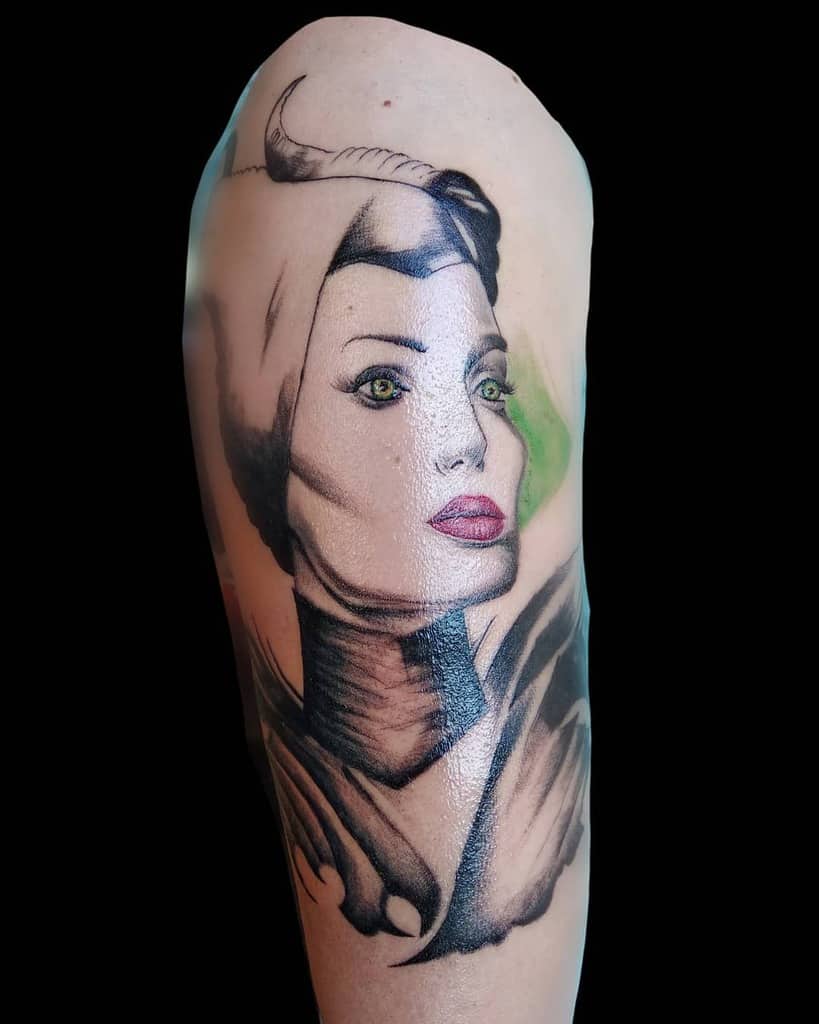 Detailed Maleficent tattoo with vivid green eyes, soft shading, and striking realism capturing her iconic elegance and mystique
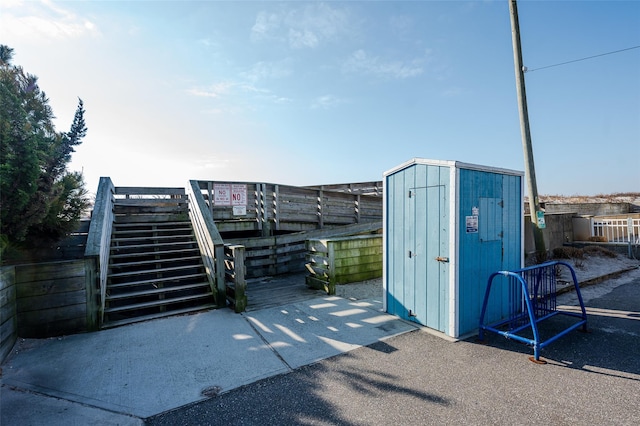 view of gate featuring a shed and an outbuilding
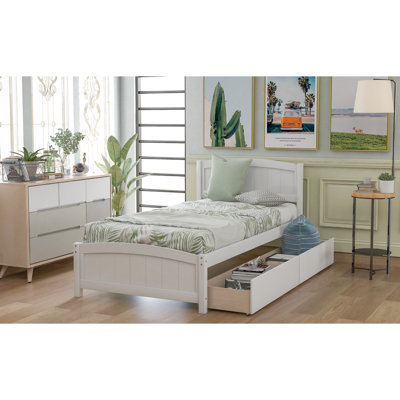 Lit simple blanc avec deux supports de tiroir en bois massif pour une structure de chambre à coucher stable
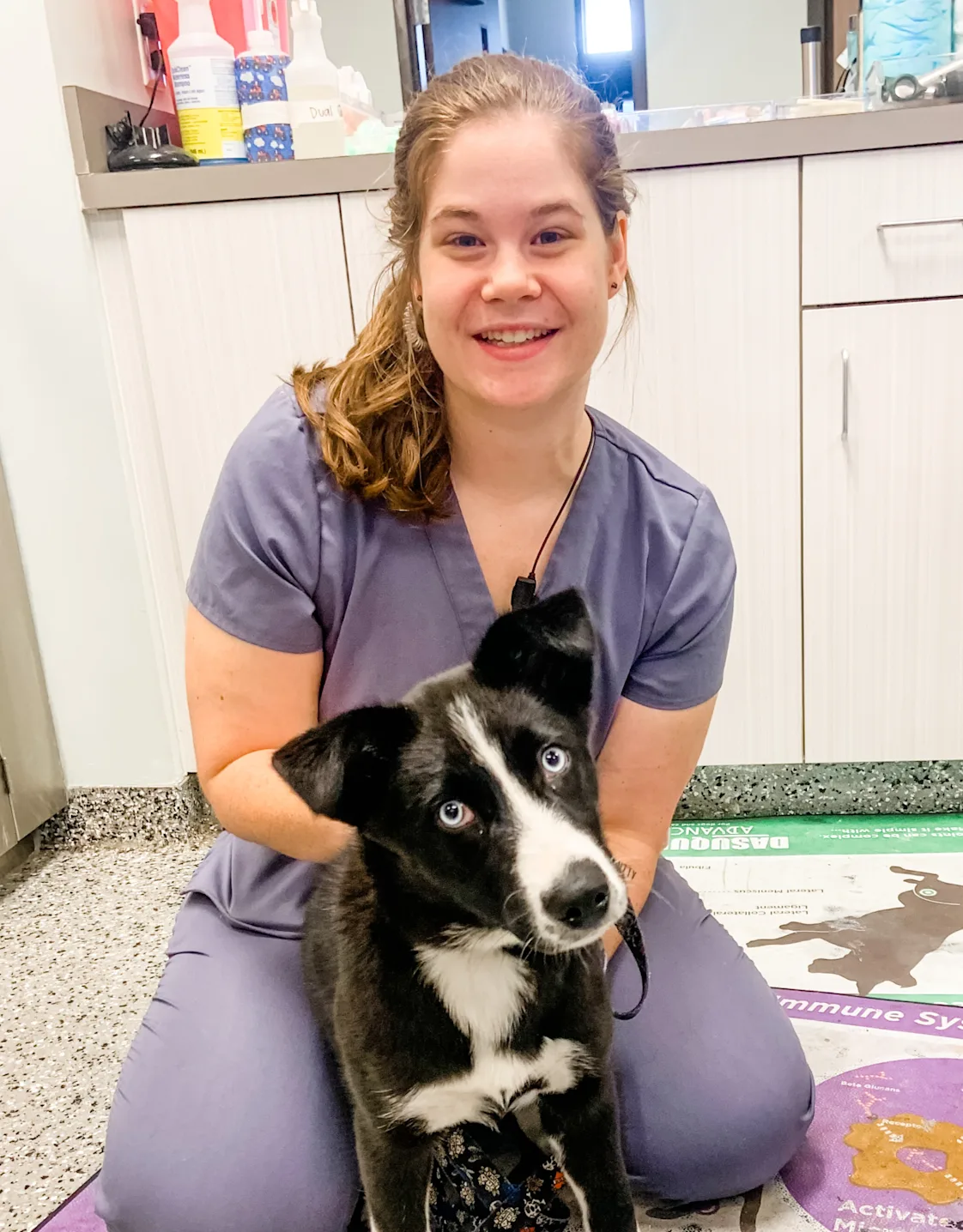 Alice Parker smiling kneeling down next to a black and white dog Alice Parker smiling kneeling down next to a black and white dog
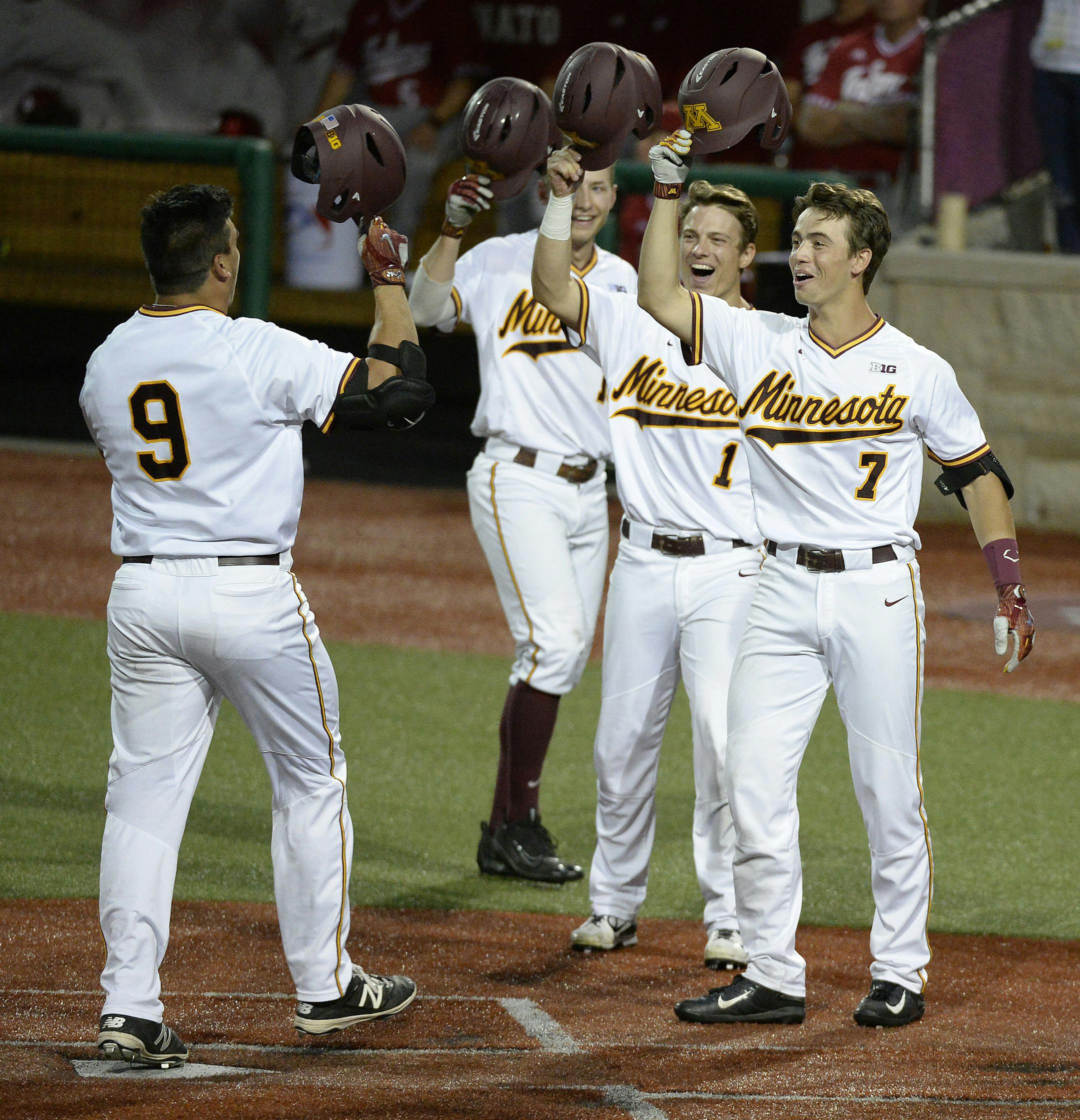 Chris Howell | Herald-Times
Minnesota outfielder Eddie Estrada (9) celebrates his three run home run that gave the Gophers a one run lead in the bottom of the eighth during the Indiana Minnesota Big Ten Baseball Tournament at Bart Kaufman Field in Bloomington, Ind. Friday, May 26, 2017. ORG XMIT: inbht101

☆ ☆ ☆ ☆ ☆ ☆ ☆

Exercise requirements -
Excluding images, return all of the records above word for word.

Task result -
 Detailed Maleficent tattoo with vivid green eyes, soft shading, and striking realism capturing her iconic elegance and mystique
 view of gate featuring a shed and an outbuilding
 Lit simple blanc avec deux supports de tiroir en bois massif pour une structure de chambre à coucher stable
 Alice Parker smiling kneeling down next to a black and white dog Alice Parker smiling kneeling down next to a black and white dog
 Chris Howell | Herald-Times
Minnesota outfielder Eddie Estrada (9) celebrates his three run home run that gave the Gophers a one run lead in the bottom of the eighth during the Indiana Minnesota Big Ten Baseball Tournament at Bart Kaufman Field in Bloomington, Ind. Friday, May 26, 2017. ORG XMIT: inbht101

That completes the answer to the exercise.